Ein konkretes Beispiel dafür liefert Lehna mit einem Einsatz Anfang des Jahres: Zwei russische Rohrartilleriesysteme wurden mit einer Vector-Drohne in einer bezogenen Feuerstellung aufgeklärt. Anstatt sofort anzugreifen, beobachteten verschiedene Drohnensysteme das Zielgebiet über drei Tage hinweg. Dabei wurden nicht nur die Feuerstellung selbst, sondern auch das Versorgungselement der Artillerie sowie das zugehörige Munitionsdepot identifiziert.
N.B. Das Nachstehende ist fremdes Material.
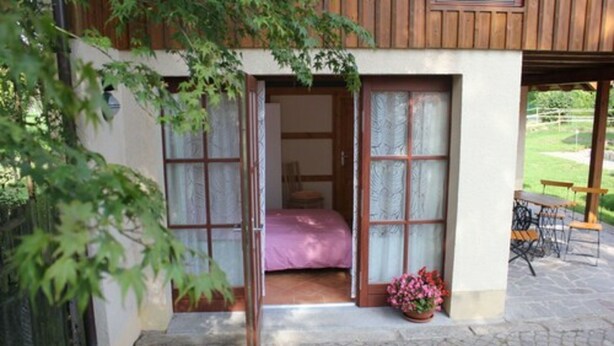 Une chambre avec un lit, un plafond en bois et une vue sur un jardin.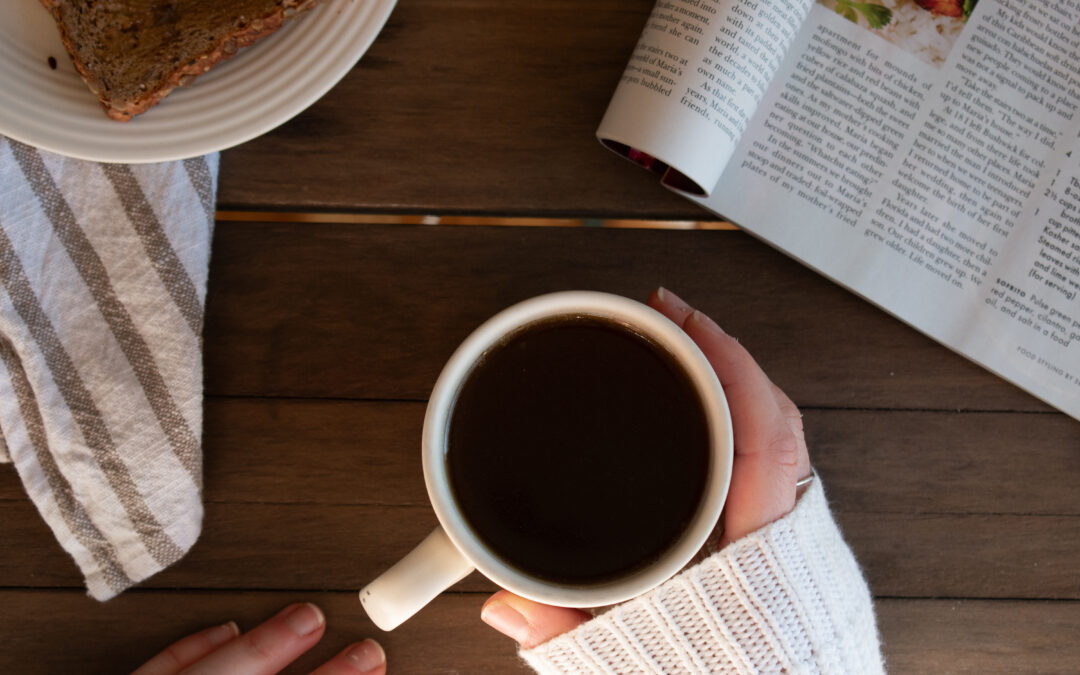 overhead shot of cup of bone broth heals by hand with a nearby magazine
Erst im Anschluss erfolgte ein koordinierter Artillerieschlag, der alle drei Ziele gleichzeitig neutralisierte.

Diese Methodik sei längst kein Einzelfall mehr. „Solange keine unmittelbare Bedrohung für eigene Truppen besteht, steht heute die Mustererkennung im Vordergrund. Die Frage lautet: Wie erkennt man die dahinterliegenden Strukturen, um sicherzustellen, dass ein System nicht einfach an derselben Stelle wieder eingeführt werden kann?“
Die Methode selbst ist nicht neu – sie gehört zum Grundhandwerkszeug militärischer Aufklärung. Neu hingegen ist, dass sie heute mit vergleichsweise kleinen Drohnen durchführbar ist. Das ist auf die gestiegene Qualität und Verfügbarkeit moderner Aufklärungssysteme zurückzuführen. Eine einzelne Vector-Drohne kann laut Lehna über drei Stunden in der Luft bleiben. Ein Drohnentrupp besteht typischerweise aus zwei bis drei Personen, die mit einer Bedienstation – bestehend aus einem gehärteten Laptop und einer Richtantenne – sowie drei oder mehr Drohnen auf einem Fahrzeug, etwa in der Größe eines Pick-ups, operieren. So können längere Aufklärungseinsätze durchgeführt werden.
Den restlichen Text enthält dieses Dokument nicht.